Portrait pro #9 – Arthur


Pourrais-tu décrire rapidement ton poste ?
Je suis chargé de droits chez Grasset. Je m’occupe des droits dits « secondaires », ce qui englobe les cessions vers le format poche, les grands caractères (à destination des malvoyants), club, audio, anthologie, BD, etc. Je m’occupe aussi des adaptations pour le théâtre et j’assiste la directrice du service sur les droits audiovisuels. Et pour finir, je m’occupe des droits étrangers pour les pays de langue arabe, la Hongrie et la Bulgarie.

Quel est ton parcours (universitaire et professionnel) ?
Un parcours chaotique sous le signe de l’hésitation. Prépa littéraire suivie d’une licence en droit et sciences politiques, brillamment évacuée par un master en philosophie politique à l’EHESS puis un master d’édition internationale à la City University à Londres. 7 ans et pas un seul regret mamène.
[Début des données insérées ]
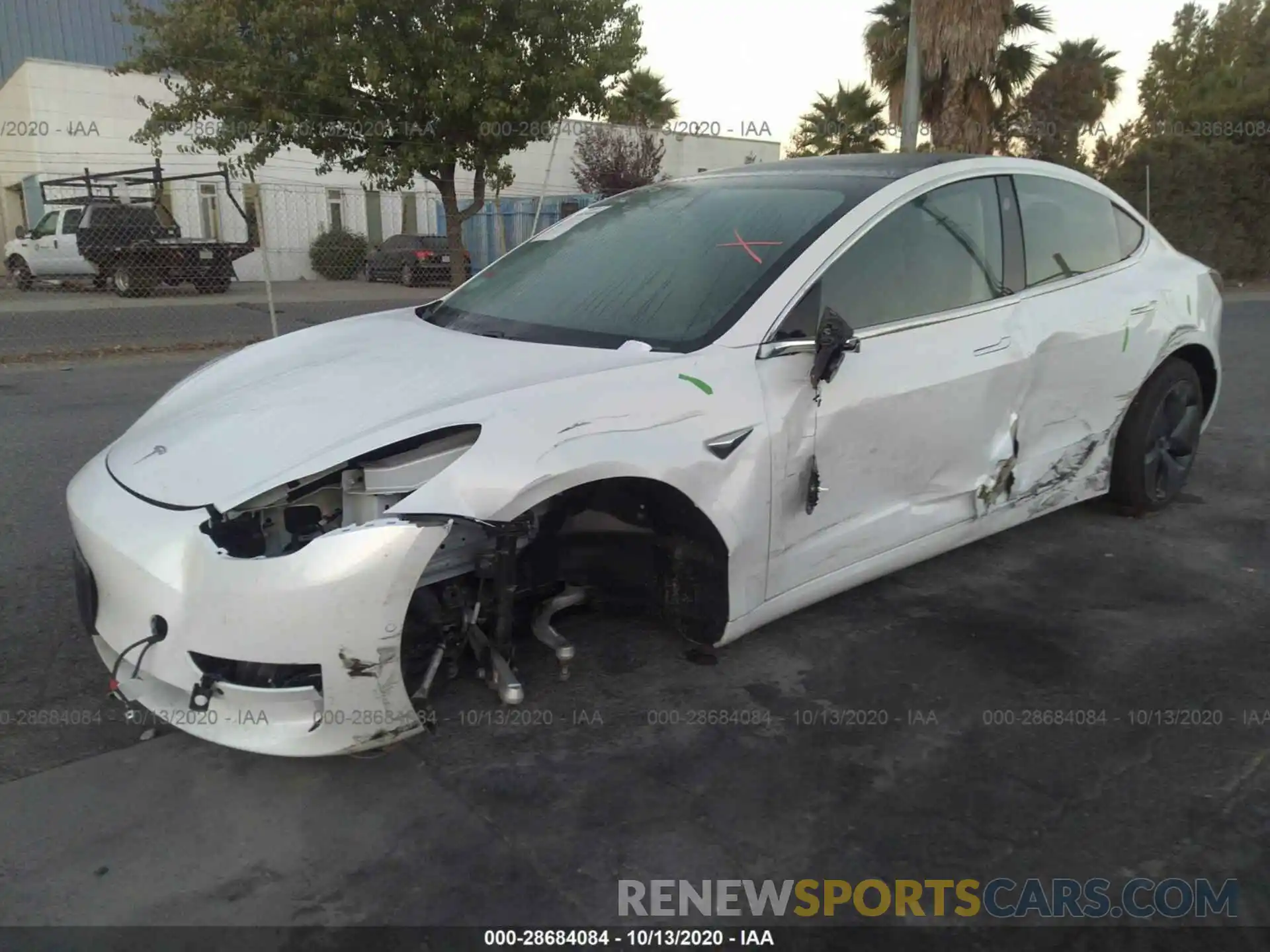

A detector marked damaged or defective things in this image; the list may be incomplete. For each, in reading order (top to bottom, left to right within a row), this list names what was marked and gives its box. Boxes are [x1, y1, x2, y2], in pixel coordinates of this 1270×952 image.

damaged front bumper [68, 452, 452, 756]
cracked concrete ground [0, 305, 1265, 934]
damaged white car [67, 155, 1219, 762] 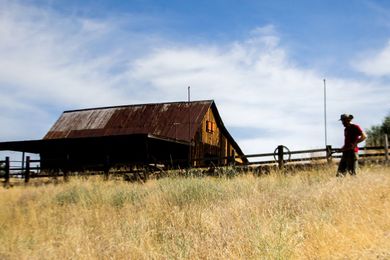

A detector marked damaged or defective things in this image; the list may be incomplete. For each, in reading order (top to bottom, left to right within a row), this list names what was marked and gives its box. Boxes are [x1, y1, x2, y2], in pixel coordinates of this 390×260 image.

rusted metal sheet [43, 101, 213, 142]
rusty metal roof [44, 100, 215, 143] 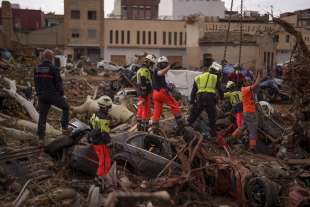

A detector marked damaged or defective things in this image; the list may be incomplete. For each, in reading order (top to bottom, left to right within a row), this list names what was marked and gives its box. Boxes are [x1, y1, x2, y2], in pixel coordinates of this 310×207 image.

destroyed vehicle [47, 119, 180, 179] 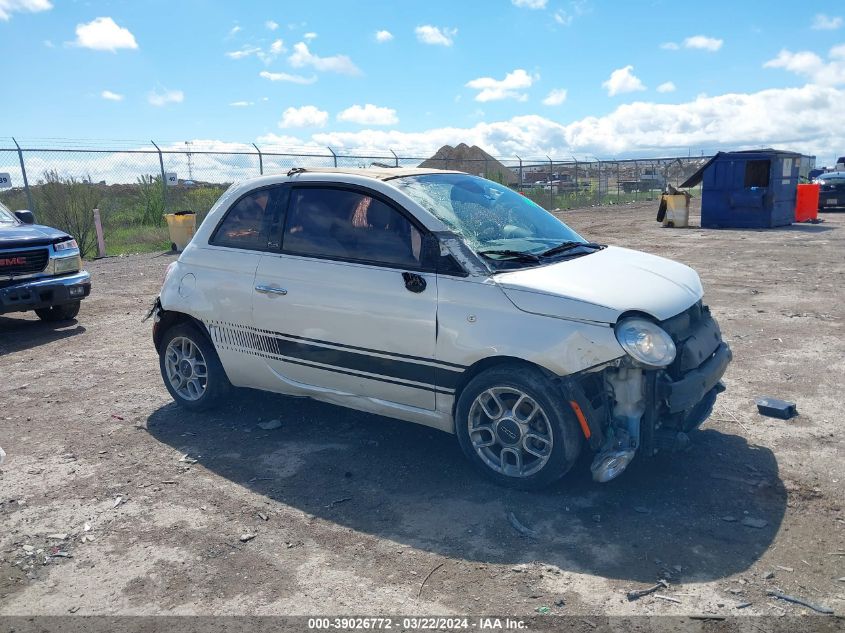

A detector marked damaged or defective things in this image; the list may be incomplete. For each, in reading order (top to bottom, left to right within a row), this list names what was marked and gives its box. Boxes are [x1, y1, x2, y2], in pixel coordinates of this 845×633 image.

white damaged fiat 500 [153, 168, 732, 488]
exposed headlight [608, 318, 676, 368]
damaged front bumper [564, 298, 728, 482] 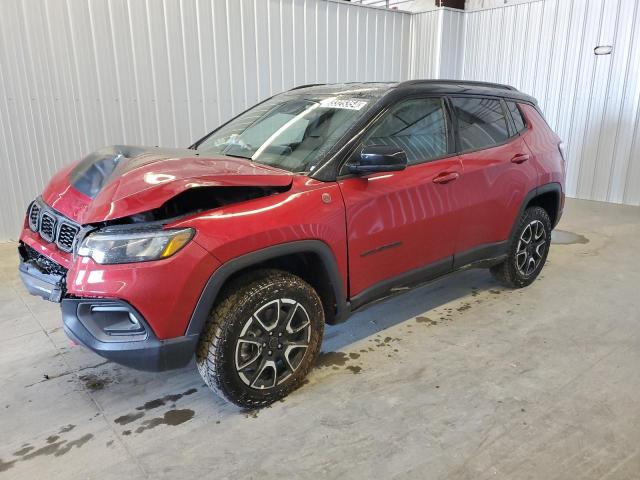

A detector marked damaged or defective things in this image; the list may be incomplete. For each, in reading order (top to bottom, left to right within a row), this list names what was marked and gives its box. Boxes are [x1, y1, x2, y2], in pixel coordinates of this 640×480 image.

crumpled hood [42, 144, 296, 225]
broken headlight [77, 228, 194, 264] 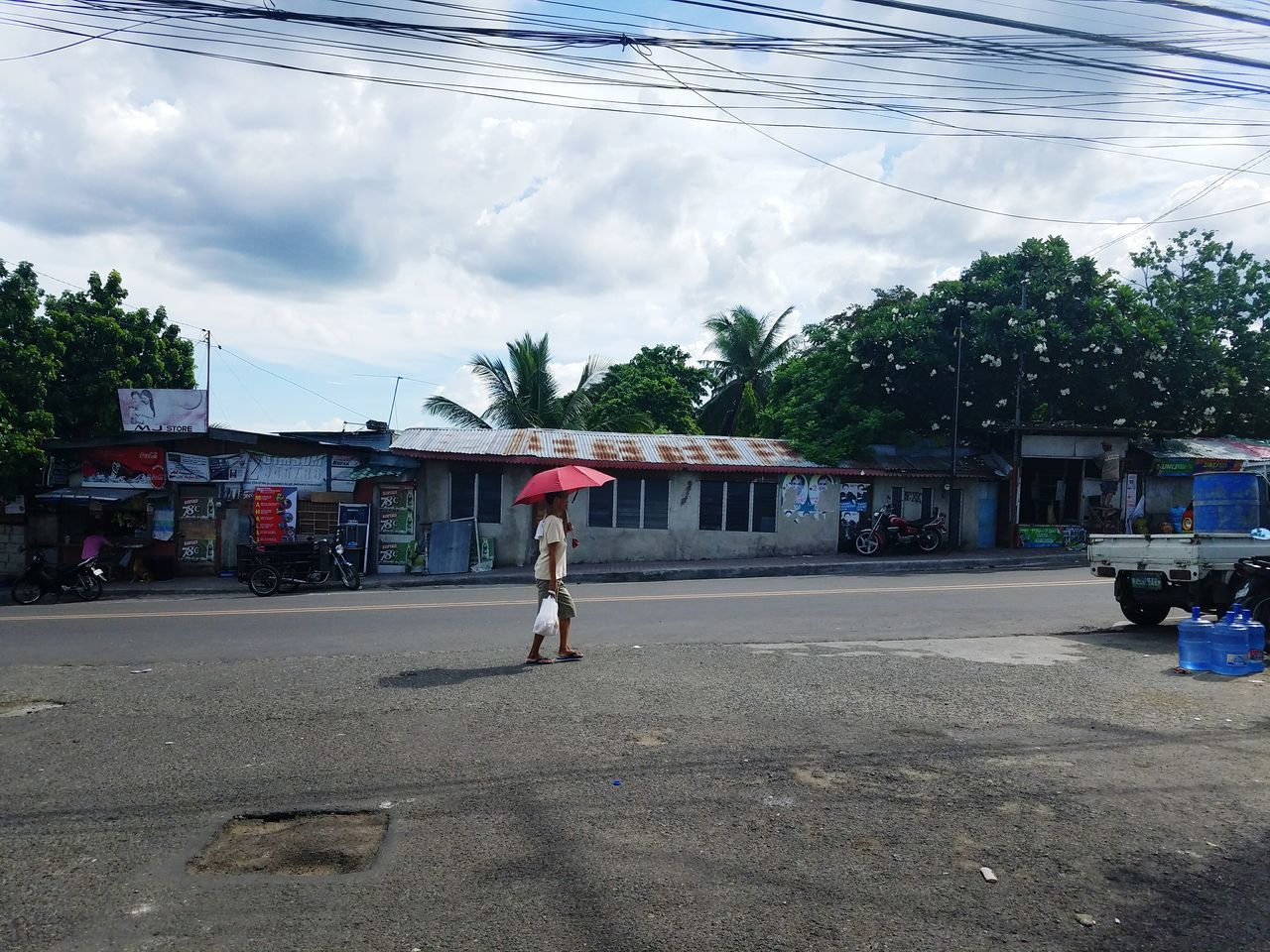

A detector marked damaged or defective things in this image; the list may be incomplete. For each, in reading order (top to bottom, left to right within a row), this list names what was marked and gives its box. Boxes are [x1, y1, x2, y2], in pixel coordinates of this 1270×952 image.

rusty roof sheet [391, 431, 837, 472] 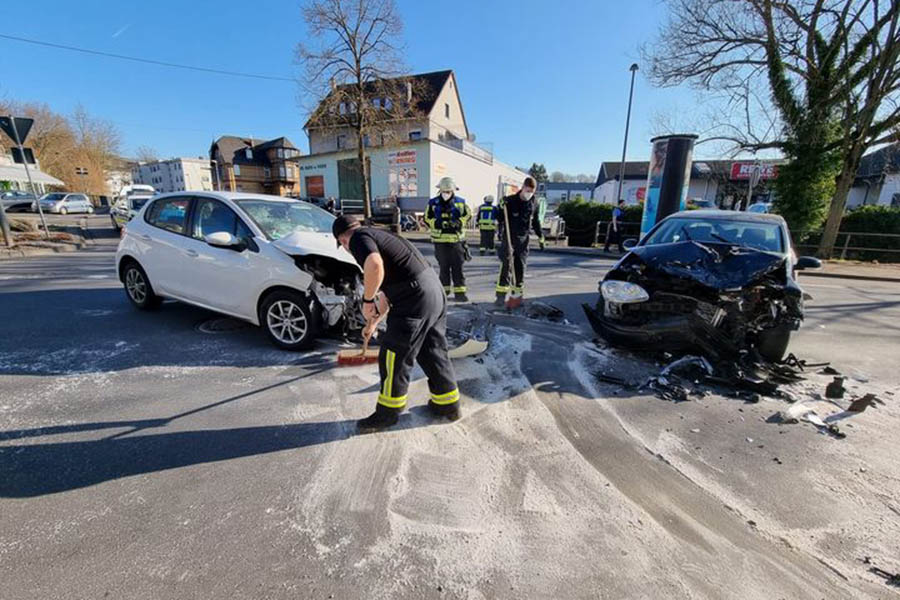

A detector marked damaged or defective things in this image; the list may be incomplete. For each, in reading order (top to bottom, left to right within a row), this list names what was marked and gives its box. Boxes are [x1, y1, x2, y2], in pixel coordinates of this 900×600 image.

white damaged car [116, 192, 366, 350]
black damaged car [584, 211, 824, 360] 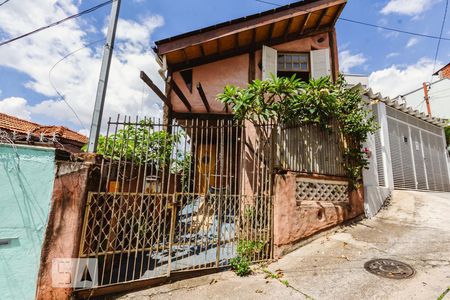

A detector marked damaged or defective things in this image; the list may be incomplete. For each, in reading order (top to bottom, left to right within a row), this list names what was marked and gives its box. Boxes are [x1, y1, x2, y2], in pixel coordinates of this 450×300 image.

rusty metal gate [78, 116, 272, 286]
Ce que tu préfères dans ton métier et ce que tu aimes le moins ?
Ce que je préfère : le contact avec les auteurs et la découverte de nouvelles voix dans la littérature. J’avoue avoir une certaine tendresse pour la littérature étrangère, qui semble dire toujours « Ce monde est plus compliqué et plus vaste que tu ne le penses ». Je ne supporte pas me trouver en face d’un texte sans originalité, dont je me dirais : ce truc semble avoir déjà été écrit, par quelqu’un d’autre, en d’autres temps etc. Ce qui m’amène à répondre à la seconde question : ce qui me semble le plus difficile dans ce métier est de défendre avec honnêteté un livre que je n’ai pas aimé. Il faut parfois se forcer à trouver les points forts d’un livre dont on a pensé qu’il était mauvais.

Des idées préconçues que tu avais par rapport au monde de l’édition et qui se sont avérées être complètement fausses ?
Je pensais devenir riche. Quelle ne fut pas ma surprise…

Des conseils pour ceux qui cherchent à travailler dans le monde du livre ?
Sortir, parler à tout le monde, aller aux rencontres en librairie, assister aux débats, aller discuter avec la collègue qui fume une cigarette. Au bout de la conversation, il y a un stage, un job, un conseil, des choses qui ne s’apprennent que par la discussion.